**Directions for this task**:
When the line with "0205思维导图打好乡村全面" appears below, start repeating lines exactly, and keep going through the line with "Złoty trójkąt jest"; add nothing outside that span.

[Data items]
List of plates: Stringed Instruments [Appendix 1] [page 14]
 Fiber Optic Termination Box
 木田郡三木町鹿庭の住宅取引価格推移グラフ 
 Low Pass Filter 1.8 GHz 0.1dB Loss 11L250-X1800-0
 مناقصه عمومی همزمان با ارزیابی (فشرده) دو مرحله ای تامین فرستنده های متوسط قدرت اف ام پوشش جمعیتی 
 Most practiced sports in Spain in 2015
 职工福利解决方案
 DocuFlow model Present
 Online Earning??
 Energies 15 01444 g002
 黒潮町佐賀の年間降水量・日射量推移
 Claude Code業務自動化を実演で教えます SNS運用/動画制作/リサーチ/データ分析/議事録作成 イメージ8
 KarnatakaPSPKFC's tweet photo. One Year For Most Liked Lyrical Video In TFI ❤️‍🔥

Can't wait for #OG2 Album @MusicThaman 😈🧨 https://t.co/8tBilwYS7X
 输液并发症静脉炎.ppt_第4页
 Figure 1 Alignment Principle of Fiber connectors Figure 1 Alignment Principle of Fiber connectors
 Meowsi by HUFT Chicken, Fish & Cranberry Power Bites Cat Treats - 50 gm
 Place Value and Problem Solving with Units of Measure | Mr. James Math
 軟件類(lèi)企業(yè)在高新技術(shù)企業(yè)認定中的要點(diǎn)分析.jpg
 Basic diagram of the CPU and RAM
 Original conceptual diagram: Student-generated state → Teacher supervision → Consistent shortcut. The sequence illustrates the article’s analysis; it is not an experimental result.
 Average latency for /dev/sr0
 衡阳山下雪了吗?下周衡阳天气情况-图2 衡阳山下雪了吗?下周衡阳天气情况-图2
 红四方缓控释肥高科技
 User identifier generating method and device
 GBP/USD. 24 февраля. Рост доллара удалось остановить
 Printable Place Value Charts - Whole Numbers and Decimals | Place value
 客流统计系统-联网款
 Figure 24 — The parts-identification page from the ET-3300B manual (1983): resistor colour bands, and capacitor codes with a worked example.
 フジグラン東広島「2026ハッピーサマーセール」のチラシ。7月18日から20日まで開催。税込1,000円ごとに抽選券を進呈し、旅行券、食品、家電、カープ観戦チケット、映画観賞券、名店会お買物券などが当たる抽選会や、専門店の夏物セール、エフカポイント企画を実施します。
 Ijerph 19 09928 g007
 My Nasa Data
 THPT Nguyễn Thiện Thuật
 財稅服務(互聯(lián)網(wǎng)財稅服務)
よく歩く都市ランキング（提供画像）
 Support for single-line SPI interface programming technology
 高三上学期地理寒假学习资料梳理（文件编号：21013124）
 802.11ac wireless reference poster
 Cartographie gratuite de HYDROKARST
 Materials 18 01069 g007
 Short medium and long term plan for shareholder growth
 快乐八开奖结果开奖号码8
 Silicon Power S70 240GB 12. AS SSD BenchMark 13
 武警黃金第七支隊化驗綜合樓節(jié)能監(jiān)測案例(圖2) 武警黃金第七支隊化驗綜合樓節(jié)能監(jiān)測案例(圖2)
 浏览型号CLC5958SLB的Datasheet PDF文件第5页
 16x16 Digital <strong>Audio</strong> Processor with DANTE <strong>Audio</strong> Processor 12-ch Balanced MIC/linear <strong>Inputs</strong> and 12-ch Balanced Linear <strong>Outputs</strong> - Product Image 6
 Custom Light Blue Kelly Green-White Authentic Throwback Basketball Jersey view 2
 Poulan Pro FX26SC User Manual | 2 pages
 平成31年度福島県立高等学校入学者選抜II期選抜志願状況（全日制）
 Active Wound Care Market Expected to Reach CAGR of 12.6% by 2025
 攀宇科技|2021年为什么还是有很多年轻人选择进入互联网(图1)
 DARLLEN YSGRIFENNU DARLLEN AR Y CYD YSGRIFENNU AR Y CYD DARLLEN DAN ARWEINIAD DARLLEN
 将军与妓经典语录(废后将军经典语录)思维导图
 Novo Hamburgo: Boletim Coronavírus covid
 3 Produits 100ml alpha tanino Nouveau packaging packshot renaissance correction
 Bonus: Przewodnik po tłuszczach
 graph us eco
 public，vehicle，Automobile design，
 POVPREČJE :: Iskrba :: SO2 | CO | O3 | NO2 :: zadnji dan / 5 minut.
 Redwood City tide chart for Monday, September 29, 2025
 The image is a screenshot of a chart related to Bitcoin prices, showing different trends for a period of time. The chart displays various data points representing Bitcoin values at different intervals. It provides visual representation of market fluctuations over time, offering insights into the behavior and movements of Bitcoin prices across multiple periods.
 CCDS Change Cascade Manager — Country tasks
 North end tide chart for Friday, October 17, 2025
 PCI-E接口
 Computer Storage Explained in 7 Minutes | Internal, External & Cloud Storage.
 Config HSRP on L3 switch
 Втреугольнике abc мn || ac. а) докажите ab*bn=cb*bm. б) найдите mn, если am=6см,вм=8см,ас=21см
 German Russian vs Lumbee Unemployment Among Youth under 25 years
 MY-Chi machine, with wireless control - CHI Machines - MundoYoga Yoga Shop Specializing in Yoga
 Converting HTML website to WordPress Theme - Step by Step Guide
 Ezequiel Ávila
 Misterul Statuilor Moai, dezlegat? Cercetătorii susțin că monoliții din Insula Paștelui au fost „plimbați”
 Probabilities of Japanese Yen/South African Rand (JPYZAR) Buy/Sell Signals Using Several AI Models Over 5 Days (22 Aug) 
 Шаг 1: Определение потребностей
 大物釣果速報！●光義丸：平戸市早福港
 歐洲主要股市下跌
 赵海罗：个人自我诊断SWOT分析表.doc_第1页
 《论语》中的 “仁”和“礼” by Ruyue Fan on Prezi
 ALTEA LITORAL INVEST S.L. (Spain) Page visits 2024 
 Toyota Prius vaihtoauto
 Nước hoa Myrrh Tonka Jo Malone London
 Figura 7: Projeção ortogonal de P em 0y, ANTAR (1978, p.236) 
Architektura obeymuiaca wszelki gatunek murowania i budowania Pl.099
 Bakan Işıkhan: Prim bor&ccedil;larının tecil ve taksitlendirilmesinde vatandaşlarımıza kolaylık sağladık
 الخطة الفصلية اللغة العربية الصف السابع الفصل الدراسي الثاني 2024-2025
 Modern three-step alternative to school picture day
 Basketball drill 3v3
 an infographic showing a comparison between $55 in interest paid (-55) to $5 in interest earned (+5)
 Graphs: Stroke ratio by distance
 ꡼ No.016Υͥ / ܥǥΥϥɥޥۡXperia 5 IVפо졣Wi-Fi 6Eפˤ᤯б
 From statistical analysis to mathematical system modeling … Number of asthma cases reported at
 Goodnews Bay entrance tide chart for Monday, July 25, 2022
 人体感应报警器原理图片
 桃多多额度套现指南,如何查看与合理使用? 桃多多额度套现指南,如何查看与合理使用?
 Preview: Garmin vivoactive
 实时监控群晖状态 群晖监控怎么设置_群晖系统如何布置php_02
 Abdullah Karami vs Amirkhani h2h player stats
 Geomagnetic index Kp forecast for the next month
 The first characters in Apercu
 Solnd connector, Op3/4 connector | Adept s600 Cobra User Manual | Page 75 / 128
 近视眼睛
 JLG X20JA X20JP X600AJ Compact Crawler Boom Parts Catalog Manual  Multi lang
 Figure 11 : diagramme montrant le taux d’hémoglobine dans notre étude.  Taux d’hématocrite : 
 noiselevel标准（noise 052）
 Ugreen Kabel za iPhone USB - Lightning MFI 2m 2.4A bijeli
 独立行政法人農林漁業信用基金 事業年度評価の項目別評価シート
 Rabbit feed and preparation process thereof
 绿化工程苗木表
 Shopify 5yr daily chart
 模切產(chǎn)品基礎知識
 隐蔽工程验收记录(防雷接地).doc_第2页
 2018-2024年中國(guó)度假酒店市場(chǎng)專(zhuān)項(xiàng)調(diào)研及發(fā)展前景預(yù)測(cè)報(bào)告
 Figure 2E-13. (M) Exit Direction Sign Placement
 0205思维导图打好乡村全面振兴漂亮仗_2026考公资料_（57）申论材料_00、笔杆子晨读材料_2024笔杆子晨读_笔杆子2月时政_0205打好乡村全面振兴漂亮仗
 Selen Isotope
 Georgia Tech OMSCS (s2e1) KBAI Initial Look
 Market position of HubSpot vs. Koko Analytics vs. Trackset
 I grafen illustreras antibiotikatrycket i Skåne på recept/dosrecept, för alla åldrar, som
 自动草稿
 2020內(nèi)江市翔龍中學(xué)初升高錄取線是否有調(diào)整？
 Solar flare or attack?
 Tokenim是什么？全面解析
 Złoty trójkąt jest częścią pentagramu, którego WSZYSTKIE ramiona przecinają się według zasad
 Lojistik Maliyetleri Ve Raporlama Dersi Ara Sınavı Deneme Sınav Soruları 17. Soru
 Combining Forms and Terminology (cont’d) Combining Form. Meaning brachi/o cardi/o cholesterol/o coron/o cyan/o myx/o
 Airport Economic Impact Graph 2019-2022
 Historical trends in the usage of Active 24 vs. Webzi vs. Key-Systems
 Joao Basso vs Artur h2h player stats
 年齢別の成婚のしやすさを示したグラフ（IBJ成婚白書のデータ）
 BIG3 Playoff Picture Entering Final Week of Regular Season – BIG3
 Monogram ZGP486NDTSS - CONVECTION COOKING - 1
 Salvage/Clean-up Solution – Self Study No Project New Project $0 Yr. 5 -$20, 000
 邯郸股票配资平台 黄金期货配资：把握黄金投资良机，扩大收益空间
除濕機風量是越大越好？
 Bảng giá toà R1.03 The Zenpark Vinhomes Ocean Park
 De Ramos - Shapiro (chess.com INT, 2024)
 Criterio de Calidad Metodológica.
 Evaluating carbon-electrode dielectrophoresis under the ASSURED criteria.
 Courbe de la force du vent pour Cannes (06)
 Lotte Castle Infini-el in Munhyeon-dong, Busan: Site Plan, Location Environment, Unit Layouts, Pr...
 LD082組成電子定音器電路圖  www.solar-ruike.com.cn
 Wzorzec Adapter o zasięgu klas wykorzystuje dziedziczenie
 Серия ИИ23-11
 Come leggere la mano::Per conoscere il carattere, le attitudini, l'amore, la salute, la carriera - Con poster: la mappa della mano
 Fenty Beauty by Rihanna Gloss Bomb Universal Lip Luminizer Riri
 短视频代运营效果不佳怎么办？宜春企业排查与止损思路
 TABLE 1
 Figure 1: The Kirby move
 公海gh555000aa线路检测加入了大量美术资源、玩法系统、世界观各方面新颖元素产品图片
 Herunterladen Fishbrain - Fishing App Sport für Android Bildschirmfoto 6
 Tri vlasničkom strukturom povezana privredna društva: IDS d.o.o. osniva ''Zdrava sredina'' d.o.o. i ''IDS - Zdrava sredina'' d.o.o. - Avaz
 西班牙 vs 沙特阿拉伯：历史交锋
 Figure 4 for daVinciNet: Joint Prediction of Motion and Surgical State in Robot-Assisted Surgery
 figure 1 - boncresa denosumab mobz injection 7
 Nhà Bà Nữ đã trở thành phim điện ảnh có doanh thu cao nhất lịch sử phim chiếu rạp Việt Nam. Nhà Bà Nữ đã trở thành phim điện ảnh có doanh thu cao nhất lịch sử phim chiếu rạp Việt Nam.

**Task response**:
 0205思维导图打好乡村全面振兴漂亮仗_2026考公资料_（57）申论材料_00、笔杆子晨读材料_2024笔杆子晨读_笔杆子2月时政_0205打好乡村全面振兴漂亮仗
 Selen Isotope
 Georgia Tech OMSCS (s2e1) KBAI Initial Look
 Market position of HubSpot vs. Koko Analytics vs. Trackset
 I grafen illustreras antibiotikatrycket i Skåne på recept/dosrecept, för alla åldrar, som
 自动草稿
 2020內(nèi)江市翔龍中學(xué)初升高錄取線是否有調(diào)整？
 Solar flare or attack?
 Tokenim是什么？全面解析
 Złoty trójkąt jest częścią pentagramu, którego WSZYSTKIE ramiona przecinają się według zasad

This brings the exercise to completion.